# WHAT THE EXERCISE ASKS
Beginning at the top of the data below, restate every line word for word until the line containing "You could also" has been included, and omit the pictures.

# EXERCISE DATA
- - - - -

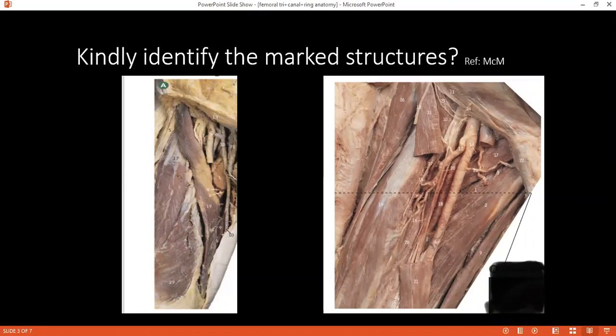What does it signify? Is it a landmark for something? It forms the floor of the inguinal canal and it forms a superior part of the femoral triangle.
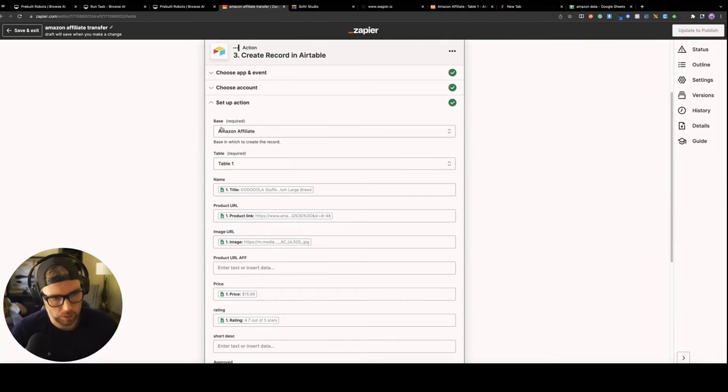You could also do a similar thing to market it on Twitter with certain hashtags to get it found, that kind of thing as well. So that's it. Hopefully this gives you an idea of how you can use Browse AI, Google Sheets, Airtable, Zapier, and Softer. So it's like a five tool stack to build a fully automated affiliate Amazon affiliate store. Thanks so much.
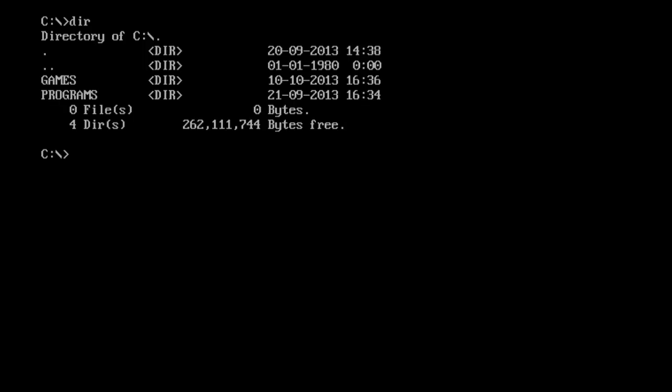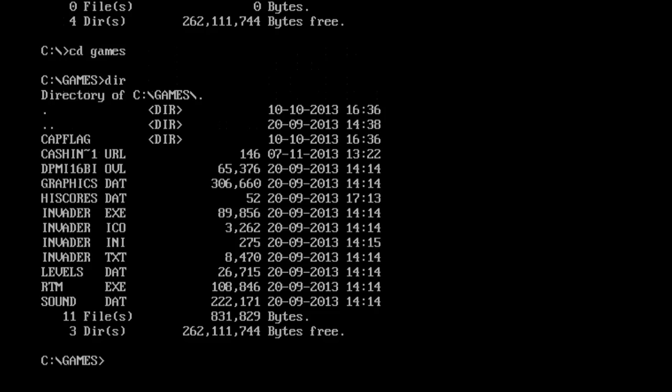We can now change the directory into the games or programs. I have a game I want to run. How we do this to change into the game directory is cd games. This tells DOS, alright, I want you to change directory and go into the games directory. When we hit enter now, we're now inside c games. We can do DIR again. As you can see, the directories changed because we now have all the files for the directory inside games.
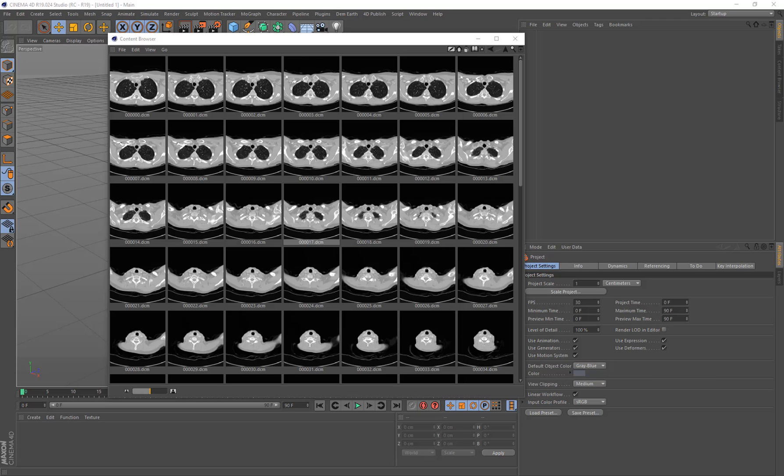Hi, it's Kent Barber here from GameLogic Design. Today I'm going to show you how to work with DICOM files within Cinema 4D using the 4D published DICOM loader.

- - - - -

# ANSWER TO THE EXERCISE
What does it signify? Is it a landmark for something? It forms the floor of the inguinal canal and it forms a superior part of the femoral triangle.
You could also do a similar thing to market it on Twitter with certain hashtags to get it found, that kind of thing as well. So that's it. Hopefully this gives you an idea of how you can use Browse AI, Google Sheets, Airtable, Zapier, and Softer. So it's like a five tool stack to build a fully automated affiliate Amazon affiliate store. Thanks so much.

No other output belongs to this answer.